New York News
12:30 pm
Tue July 2, 2013

Debate Over Adirondack Land Classification Continues as Public Hearings Near Close

Interim Access map to former Finch Pruyn Adirondack lands
Interim Access map to former Finch Pruyn Adirondack lands
Credit NYS Department of Environmental Conservation

Last year New York State acquired 69-thousand acres of forest lands in the Adirondacks, and the lands must now be classified. The Adirondack Park Agency has been holding public hearings regarding the first three tracts of land and the final hearings are being held today in Albany and Queensbury. WAMC’s North Country Bureau Chief Pat Bradley looks at the debate between conservationists and residents over the potential land designations.



The Adirondack Park Agency is offering a series of alternative land use options for the nearly 21-thousand acres that include the Essex Chain Lakes, the Indian River, and OK Slip Falls tracts. The property includes 22 miles along the Hudson River. There are seven potential land use classifications from wilderness to intensive use.

Most Adirondack environmental and conservation groups support what’s called Alternative 1A, in which the new state lands would be classified primarily as wilderness, with some wild forest and restrict any motorized vehicle use.

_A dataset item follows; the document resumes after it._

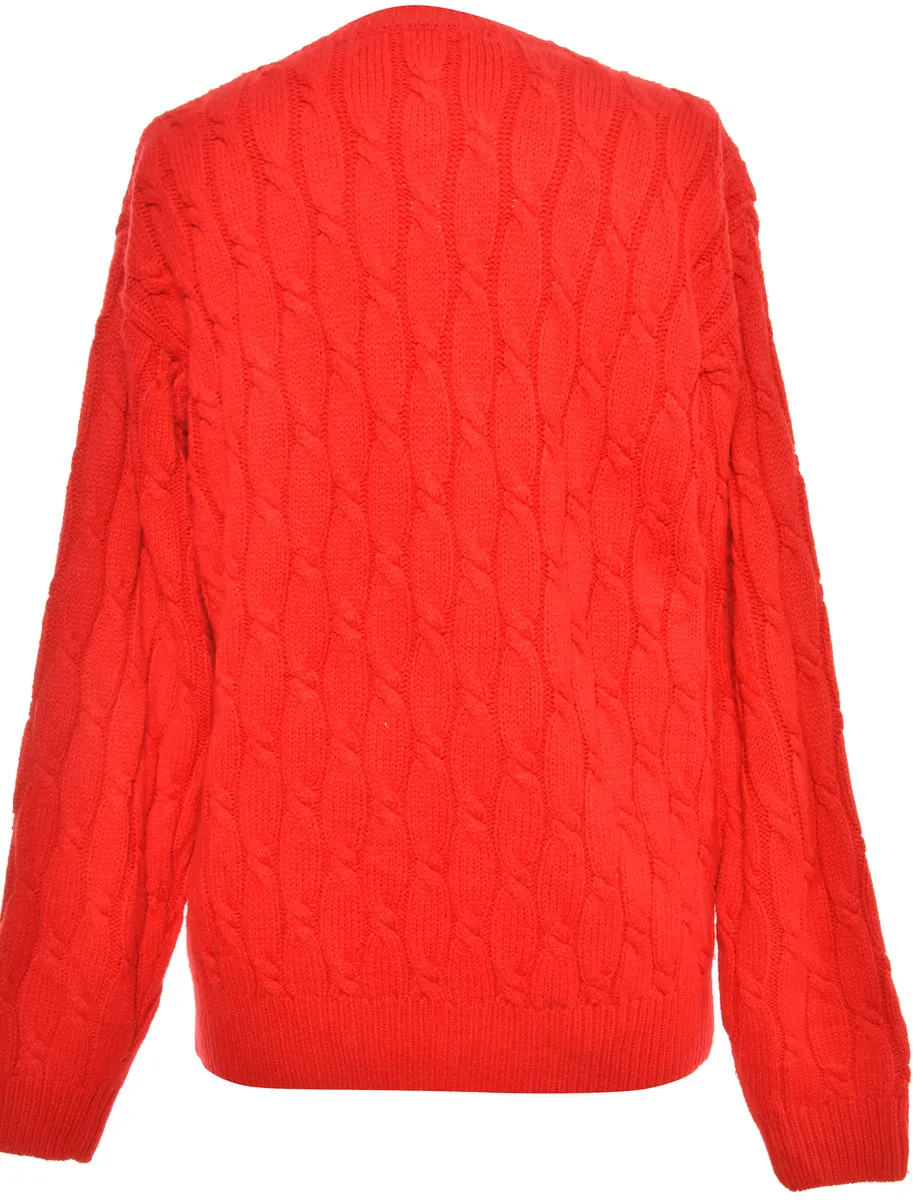 Red Karen Scott Jumper - S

Adirondack Mountain Club Executive Director Neil Woodworth calls that option a good balance of wilderness protection, access to the Hudson River and wise management of the lakes.

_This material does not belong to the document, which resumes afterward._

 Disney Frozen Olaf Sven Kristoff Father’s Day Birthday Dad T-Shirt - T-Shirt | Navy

Adirondack Council Executive Director Willie Janeway also supports the 1A option.

Many communities within the park prefer another classification. The five towns within the tracts - Indian Lake, Long Lake, Minerva, Newcomb and North Hudson - have formed the Upper Hudson Recreation Hub. They are in support of any classification that would boost the local economy, primarily through tourism. Town Of Minerva Supervisor Democrat Sue Montgomery Corey says that would best occur with a Wild Forest classification.

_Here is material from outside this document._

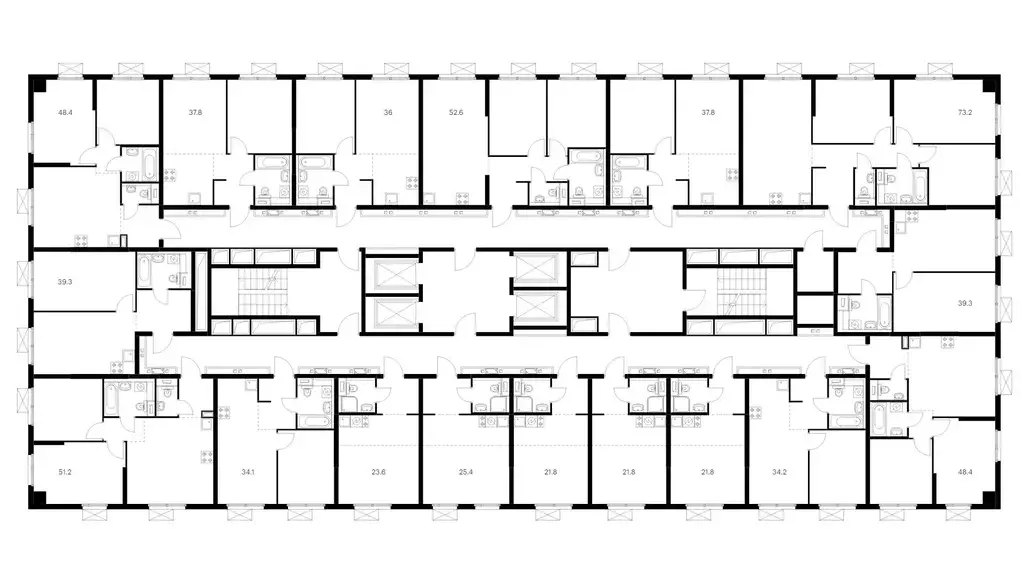 1-к кв. Москва Римского-Корсакова 11 жилой комплекс, 11 (37.8 м) - Фото 1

Adirondack Park Local Government Review Board Executive Director Fred Monroe has hiked into the newly acquired lands and says while the Hudson River Gorge meets a wilderness criteria, the other tracts do not.

Protect the Adirondacks Executive Director Peter Bauer supports the wilderness alternative classification even though the region has been used by people.

Town of North Hudson Supervisor Republican Ron Moore says the classification must not ignore the people who are living and working in the region.

The final public hearings are being held by the Adirondack Park Agency today at the DEC Headquarters in Albany at 1 p.m. and at 7 p.m. at the Warren County Board of Supervisors Room in Lake George. Written comments can be submitted until July 19th.